Quote Originally Posted by kl0012 View Post


It seems they counted only arithmetic instructions (IPC < 1 does not make sence). Also in a different part of a code the ALU consumption may greatly vary.
They counted address and math instructions :
Figure 2.2(a) and Figure 2.2(b) represent the instruction profile of CPU2006 and CPU2000 respectively. It is evident from the figure that a very high percentage of instructions retired consist of loads and stores. CPU2006 benchmarks like h264ref, hmmer, bwaves, lesli3d and GemsFDTD have comparatively high percentage of loads while astar, bzip2, gcc, gobmk, libquantum, mcf, omnetpp, perlbench, sjeng, xalancbmk and gamess have high percentage of branch instructions. On the contrary CPU2000 benchmarks like gap, parser, vortex, applu, equake, fma3d, mgrid and swim have comparatively high percentage of loads while almost all integer programs have high percentage of branch instructions.
You could see that it was never higher than 1.8x throughout the whole range of spec suit applications. The point is there is a lot of loads and stores that constitute a big part of instruction mix.

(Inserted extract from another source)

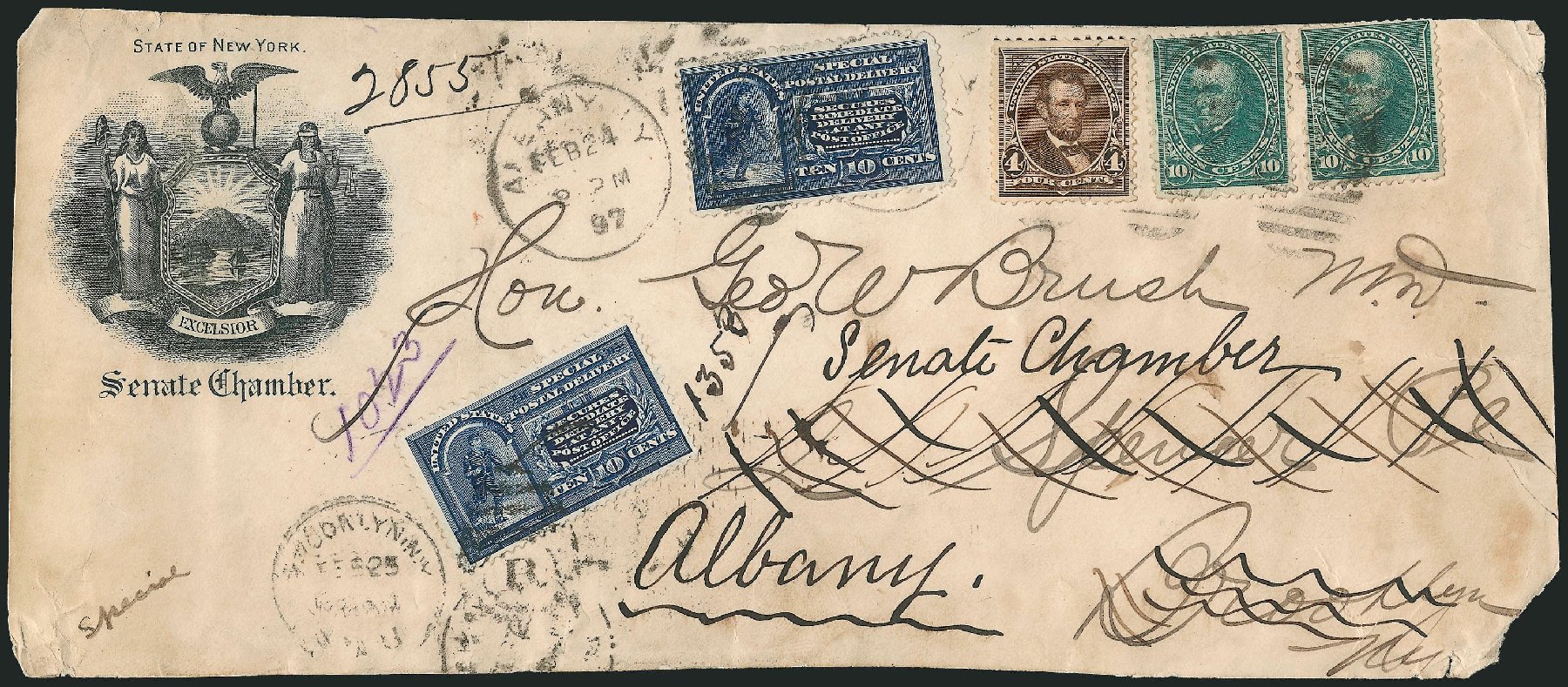 Prices of US Stamps Scott Catalog #E5: 10c 1895 Special Delivery. Robert Siegel Auction Galleries, Dec 2009, Sale 977, Lot 627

Quote Originally Posted by terrace215 View Post
You might also consider AMD's very own slide showing the relative improvement of client / server / hpc.

Client is only 1/2 of server, and 1/3rd of hpc. They've been quite open about BD's emphasis. Only when people start asking about single-threaded performance, etc, do they get defensive and start claiming that's going to be just wonderful, too.
What slides?The ones from 2007 that talked about BD version that got delayed in order to be reworked and improved?